What the task asks
Give back every entry below, unchanged.

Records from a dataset

▶

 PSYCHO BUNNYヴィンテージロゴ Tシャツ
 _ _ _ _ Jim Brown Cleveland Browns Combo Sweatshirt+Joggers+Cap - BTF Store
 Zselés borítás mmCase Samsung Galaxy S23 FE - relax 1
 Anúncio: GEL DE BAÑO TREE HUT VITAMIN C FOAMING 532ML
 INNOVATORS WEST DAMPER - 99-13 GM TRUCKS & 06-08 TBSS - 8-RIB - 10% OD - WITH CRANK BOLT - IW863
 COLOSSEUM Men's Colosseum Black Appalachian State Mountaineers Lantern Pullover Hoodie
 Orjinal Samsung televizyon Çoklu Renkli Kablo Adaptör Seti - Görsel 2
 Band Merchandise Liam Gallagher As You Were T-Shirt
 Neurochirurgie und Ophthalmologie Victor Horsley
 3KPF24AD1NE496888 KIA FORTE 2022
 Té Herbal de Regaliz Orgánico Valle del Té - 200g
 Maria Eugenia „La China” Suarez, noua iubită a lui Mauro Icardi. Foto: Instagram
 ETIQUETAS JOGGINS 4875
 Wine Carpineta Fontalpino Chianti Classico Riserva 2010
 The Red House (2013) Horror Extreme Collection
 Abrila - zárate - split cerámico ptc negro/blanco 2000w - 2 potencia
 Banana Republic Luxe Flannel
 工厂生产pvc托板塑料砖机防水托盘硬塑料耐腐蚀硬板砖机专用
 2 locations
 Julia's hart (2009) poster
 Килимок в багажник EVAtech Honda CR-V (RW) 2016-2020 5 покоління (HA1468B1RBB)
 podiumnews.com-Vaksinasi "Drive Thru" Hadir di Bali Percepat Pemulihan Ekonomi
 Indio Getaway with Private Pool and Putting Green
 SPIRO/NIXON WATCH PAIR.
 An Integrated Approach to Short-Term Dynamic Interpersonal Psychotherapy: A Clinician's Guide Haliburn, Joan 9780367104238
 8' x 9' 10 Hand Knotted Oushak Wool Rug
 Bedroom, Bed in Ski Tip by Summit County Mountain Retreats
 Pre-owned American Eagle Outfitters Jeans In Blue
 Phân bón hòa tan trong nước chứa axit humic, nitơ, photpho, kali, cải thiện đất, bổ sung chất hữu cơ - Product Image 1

◀

Your response
 PSYCHO BUNNYヴィンテージロゴ Tシャツ
 _ _ _ _ Jim Brown Cleveland Browns Combo Sweatshirt+Joggers+Cap - BTF Store
 Zselés borítás mmCase Samsung Galaxy S23 FE - relax 1
 Anúncio: GEL DE BAÑO TREE HUT VITAMIN C FOAMING 532ML
 INNOVATORS WEST DAMPER - 99-13 GM TRUCKS & 06-08 TBSS - 8-RIB - 10% OD - WITH CRANK BOLT - IW863
 COLOSSEUM Men's Colosseum Black Appalachian State Mountaineers Lantern Pullover Hoodie
 Orjinal Samsung televizyon Çoklu Renkli Kablo Adaptör Seti - Görsel 2
 Band Merchandise Liam Gallagher As You Were T-Shirt
 Neurochirurgie und Ophthalmologie Victor Horsley
 3KPF24AD1NE496888 KIA FORTE 2022
 Té Herbal de Regaliz Orgánico Valle del Té - 200g
 Maria Eugenia „La China” Suarez, noua iubită a lui Mauro Icardi. Foto: Instagram
 ETIQUETAS JOGGINS 4875
 Wine Carpineta Fontalpino Chianti Classico Riserva 2010
 The Red House (2013) Horror Extreme Collection
 Abrila - zárate - split cerámico ptc negro/blanco 2000w - 2 potencia
 Banana Republic Luxe Flannel
 工厂生产pvc托板塑料砖机防水托盘硬塑料耐腐蚀硬板砖机专用
 2 locations
 Julia's hart (2009) poster
 Килимок в багажник EVAtech Honda CR-V (RW) 2016-2020 5 покоління (HA1468B1RBB)
 podiumnews.com-Vaksinasi "Drive Thru" Hadir di Bali Percepat Pemulihan Ekonomi
 Indio Getaway with Private Pool and Putting Green
 SPIRO/NIXON WATCH PAIR.
 An Integrated Approach to Short-Term Dynamic Interpersonal Psychotherapy: A Clinician's Guide Haliburn, Joan 9780367104238
 8' x 9' 10 Hand Knotted Oushak Wool Rug
 Bedroom, Bed in Ski Tip by Summit County Mountain Retreats
 Pre-owned American Eagle Outfitters Jeans In Blue
 Phân bón hòa tan trong nước chứa axit humic, nitơ, photpho, kali, cải thiện đất, bổ sung chất hữu cơ - Product Image 1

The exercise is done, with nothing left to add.